Yine gönüllülük, insanların, sorumluluk anlayışıyla, çıkar gözetmeksizin bilgi, zaman, beceri, deneyim ve kaynaklarını, kendi özgür iradeleriyle, bir sivil toplum kuruluşunun amacı doğrultusunda kullanmalarıdır. Aynı zamanda, etkinliklerin, icraatların, özellikle de Sivil Toplum Örgütleri' nin, en önemli zenginlik kaynağıdır.

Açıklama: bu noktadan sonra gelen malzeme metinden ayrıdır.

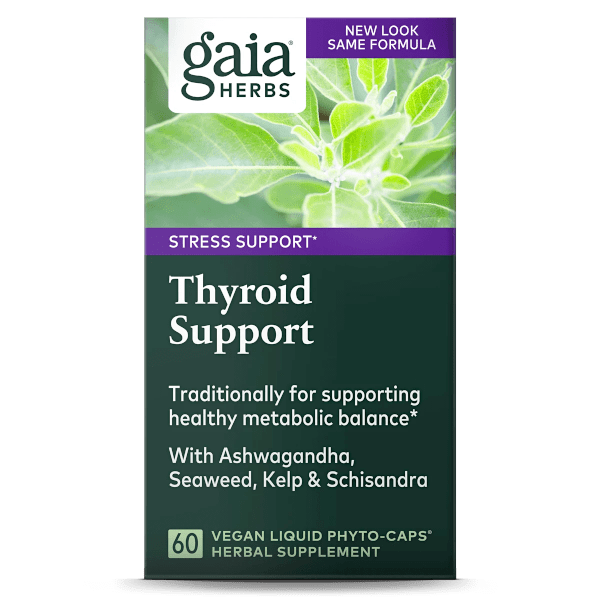 Gaia Herbs Thyroid Support 60 Caps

TEMA, erozyonla mücadelede ve ağaçlandırma çalışmalarında kıt imkânlara rağmen, kendi imkânları ile fedakârlık yaparken, ildeki Orman Bölge Müdürlüğü dışındaki kurum kuruluşlar, aynı fedakârlığı yapmıyor. Oysa erozyon ve ağaçlandırma çalışmaları, insanlar ve tüm canlıların yaşamı ile eşdeğerdi. O nedenle de erozyon ve ağaçlandırma çalışmalarında, her kesim, elini taşın altına koymamalıdır,
TEMA, Eskişehir 2013 Türk Dünyası Kültür Başkenti Ajansına, bir ağaçlandırma projesi verdi ama dikkate alınmadı. Ajans TEMA' nın, hazırlayacağı bir veya birkaç proje ile "TÜRK DÜNYASI" ormanı gerçekleştirebilirdi. Ancak Ajans, kendisi de bugüne kadar, bu alanda tek çalışma yapmadı. Oysa Franklin Roosevelt'in söylediği gibi,
Bir milletin medeniyet seviyesi, üzerinde yaşadığı toprakları ağaçlandırmasıyla ölçülür. Türk Dünyası Kültür Başkenti Ajansı'nın, erozyon ve ağaçlandırmaya harcayacağı para, ülkemize, Türk dünyasına ve Eskişehir' e, yapılacak, en hayırlı yatırım olacaktı. Türk Dünyası Kültür Başkenti Ajansı, tüm canlılar için, hayati önem taşıyan erozyon ve ağaçlandırmaya, para ayırmadı ama hiçte gerek olmayan alanlarda, para harcadı.
Şu bir gerçek ki TEMA, kıt imkânları ve büyük zorluklara rağmen, hayati önem taşıyan erozyon, ağaçlandırma ve mera ıslah çalışmaları ile çocuklarımızın ve torunlarımızın geleceğine en hayırlı yatırımı yapıyor, yapmaya da devam edecektir.
Sayın GÜNGÖR ve TEMA gönüllülerini kutluyoruz.